Start of Provided material

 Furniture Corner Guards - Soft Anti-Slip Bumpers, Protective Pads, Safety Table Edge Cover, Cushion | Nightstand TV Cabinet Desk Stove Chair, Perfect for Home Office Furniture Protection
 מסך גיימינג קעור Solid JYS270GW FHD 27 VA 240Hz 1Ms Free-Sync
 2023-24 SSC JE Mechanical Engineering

End of Provided material
Start of Provided material

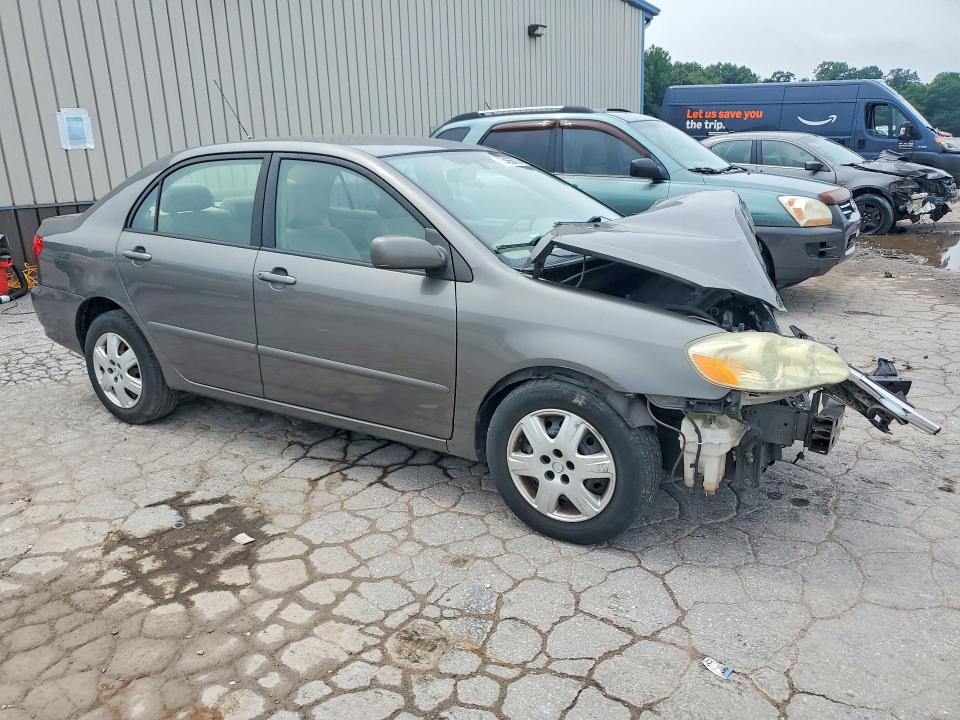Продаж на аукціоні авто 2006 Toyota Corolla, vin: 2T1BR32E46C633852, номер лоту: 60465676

End of Provided material
Start of Provided material

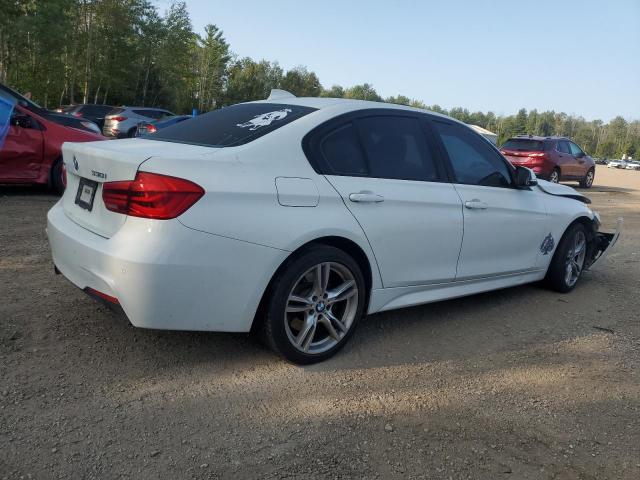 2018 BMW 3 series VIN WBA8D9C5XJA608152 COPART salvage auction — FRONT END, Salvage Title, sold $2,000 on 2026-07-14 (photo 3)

End of Provided material

What the task asks.
The lines above from the one containing "Furniture Corner Guards" through the one containing "2023-24 SSC JE Mechanical Engineering" are to be set down exactly, and no others.

Reply.
 Furniture Corner Guards - Soft Anti-Slip Bumpers, Protective Pads, Safety Table Edge Cover, Cushion | Nightstand TV Cabinet Desk Stove Chair, Perfect for Home Office Furniture Protection
 מסך גיימינג קעור Solid JYS270GW FHD 27 VA 240Hz 1Ms Free-Sync
 2023-24 SSC JE Mechanical Engineering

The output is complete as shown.